▶ _Input material_:
══════════

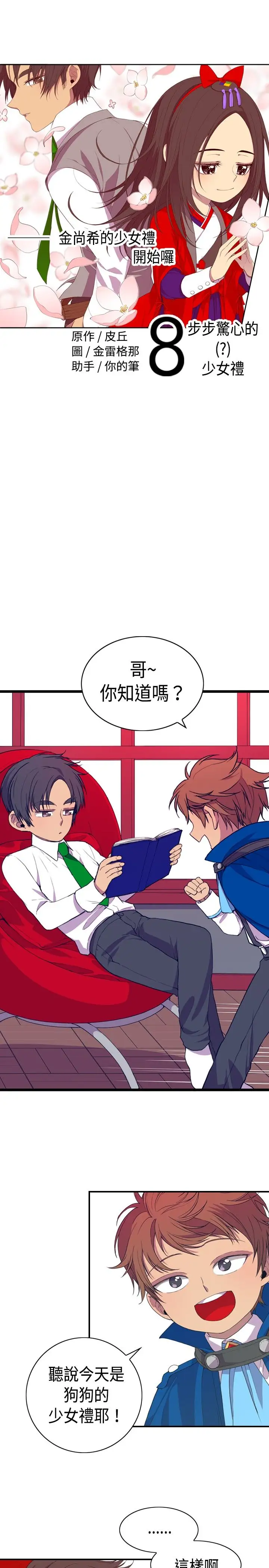 《听说我爸是国王》漫画 第8话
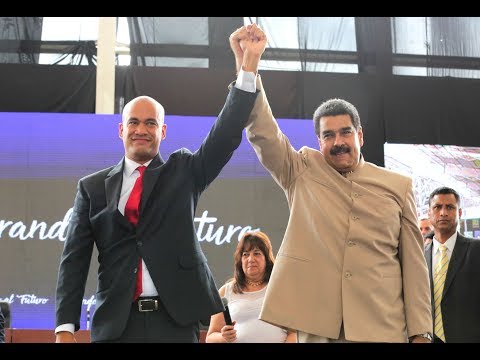 Juramentación y toma de posesión de Héctor Rodríguez como gobernador, 19 octubre 2017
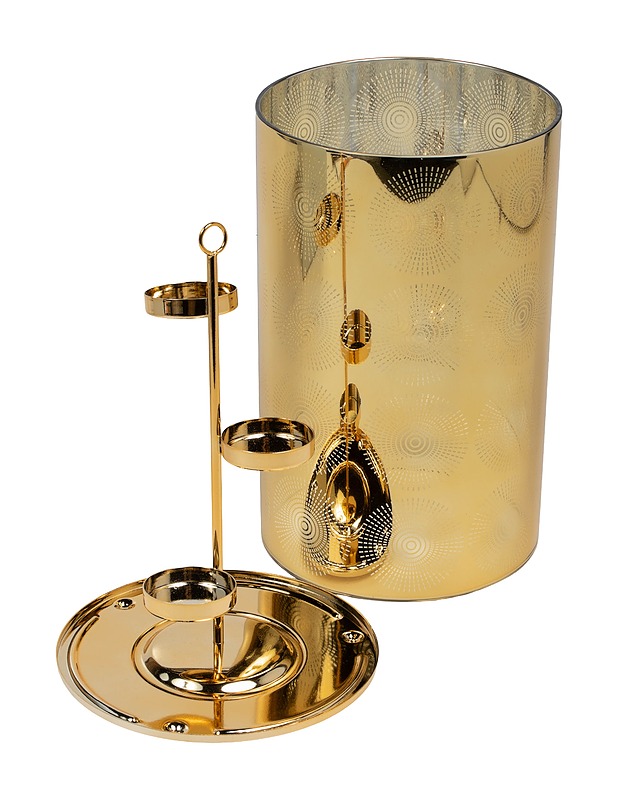 JONATHAN ADLER PARTYLITE -kynttilänjalka - Sisustus - 10105534243 - 2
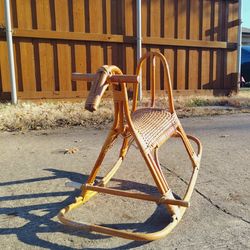 Vintage Rocking Horse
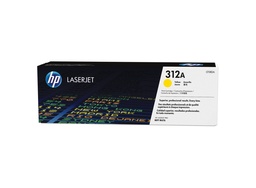 [CF382A] HP CF382A Amarillo Cartucho de Toner Original - 312A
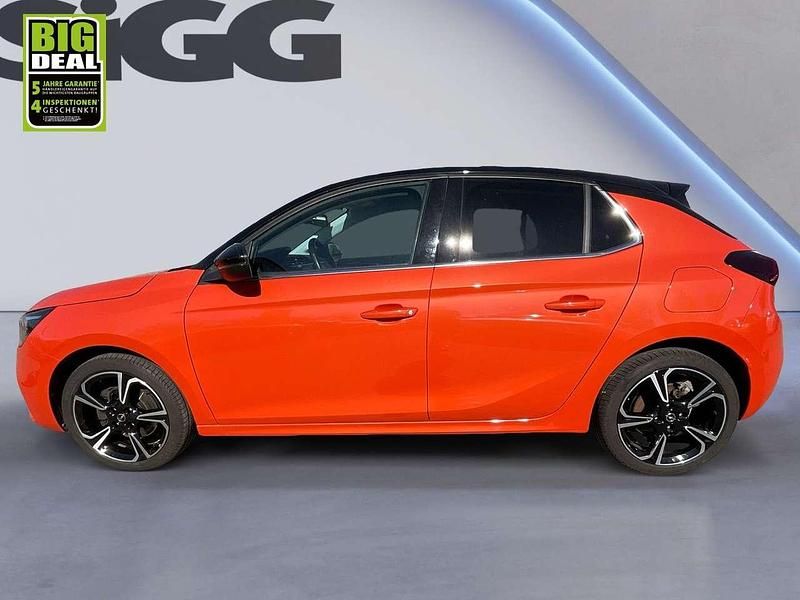 Gebraucht Opel Corsa Elegance 101 PS (74 kW) 2023 Power orange/dynamik orange Kleinwagen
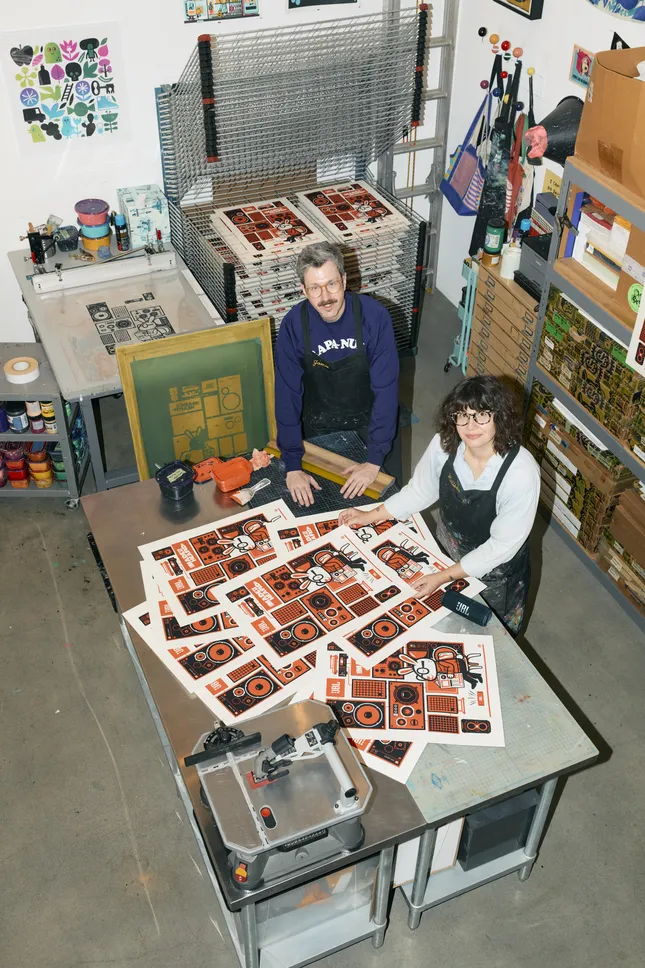 JBL X Friends of Print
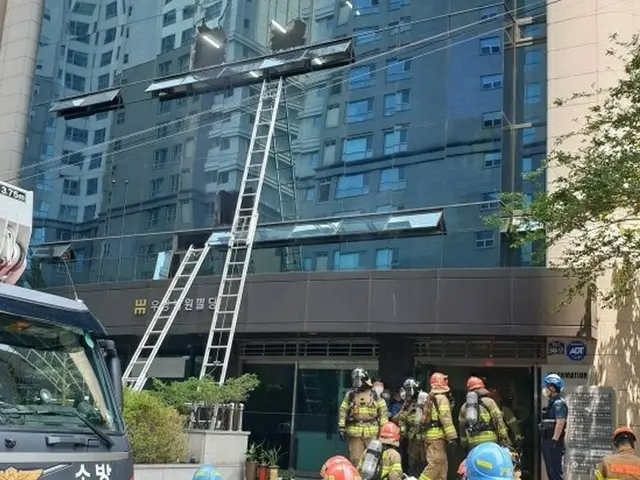 弁護士事務所放火事件の経緯を集中捜査…死亡者は全員一酸化炭素中毒＝韓国（画像提供:wowkorea）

══════════

The lines from the one containing "JONATHAN ADLER PARTYLITE" to the end of the material must be output exactly, both ends included; no picture may appear.

▶ _Answer box_:
 JONATHAN ADLER PARTYLITE -kynttilänjalka - Sisustus - 10105534243 - 2
 Vintage Rocking Horse
 [CF382A] HP CF382A Amarillo Cartucho de Toner Original - 312A
 Gebraucht Opel Corsa Elegance 101 PS (74 kW) 2023 Power orange/dynamik orange Kleinwagen
 JBL X Friends of Print
 弁護士事務所放火事件の経緯を集中捜査…死亡者は全員一酸化炭素中毒＝韓国（画像提供:wowkorea）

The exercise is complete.